On the "surface integral" side, it's simply v dot da. So, when I look again at the homework problem, I look at the term with the surface integral and ALSO see "something dot da". So I naturally ask myself, what if that WHOLE EXPRESSION dotting da is just called "v". That's it, that's the trick!

(Can you procede from here? If not, keep reading...)

Try it! Let v = T grad(U). (Note that T is a scalar, and grad(U) is a vector, so indeed v is a vector here)

Now all we have to do to "plug this in" to the divergence theorem is take div(V) to insert on the volume integral side.... That may seem nasty, but take a look now at the front flyleaf of Griffiths text.

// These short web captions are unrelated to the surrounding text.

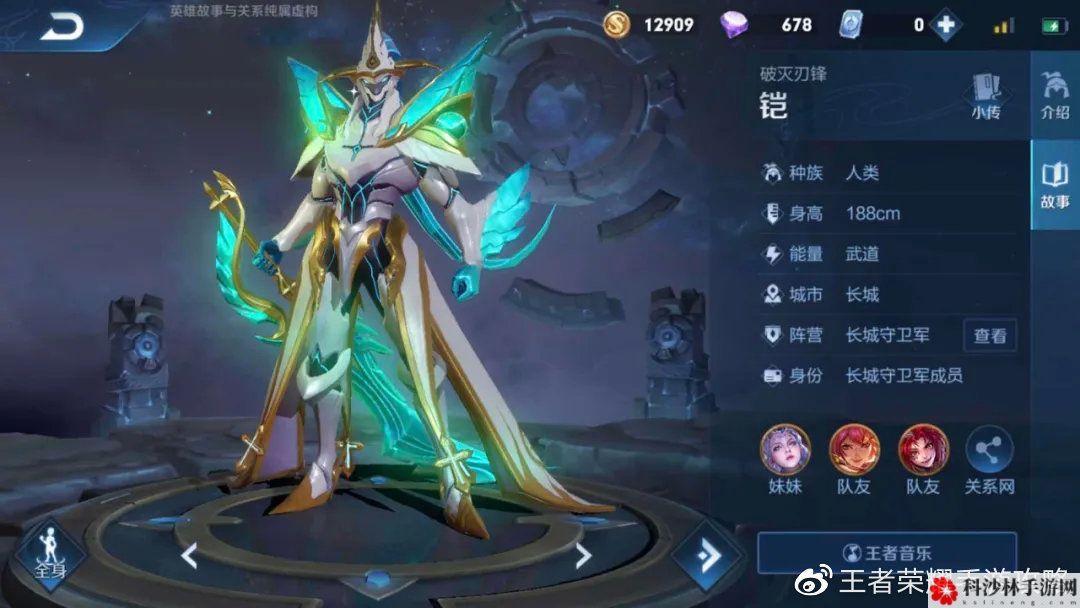 王者荣耀新版本排位怎么上分？技巧分享[视频][多图]图片2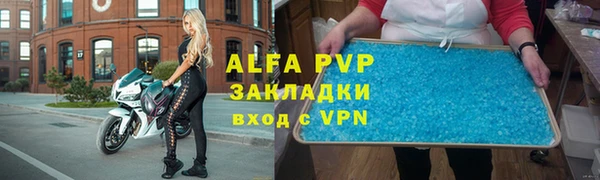трава Бронницы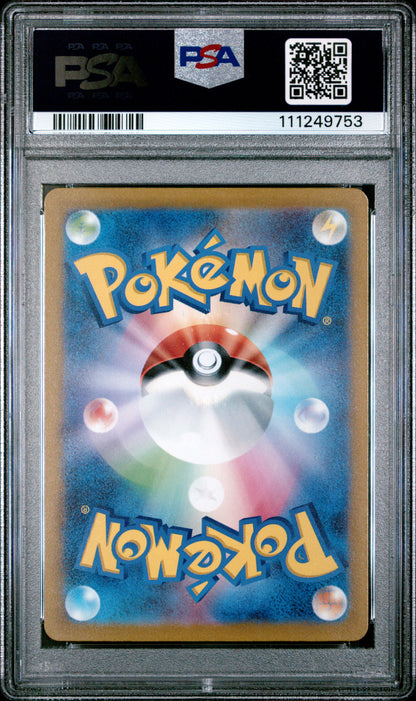 2023 Pokemon Japanese Sv1a-Triplet Beat #077 Pyroar Art Rare PSA 10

It's really handy, all the "vector calculus" trickery you need this term and next is likely to be there. For this problem, we need to take
div( T grad U)
But, generically, that's of the form div(some scalar * some vector), and that's one of those formulas given in Griffiths! Just find the right one, plug it in, the answer should fall out. (You do need to remember one more thing, namely what the definition of "Del^2" is. That's in Chapter 1, it's Del^2(something) = Div(grad (something))

In the end, after all that, when you write it on paper, this is really a "quicky" (It is, if you knew the right places to go!)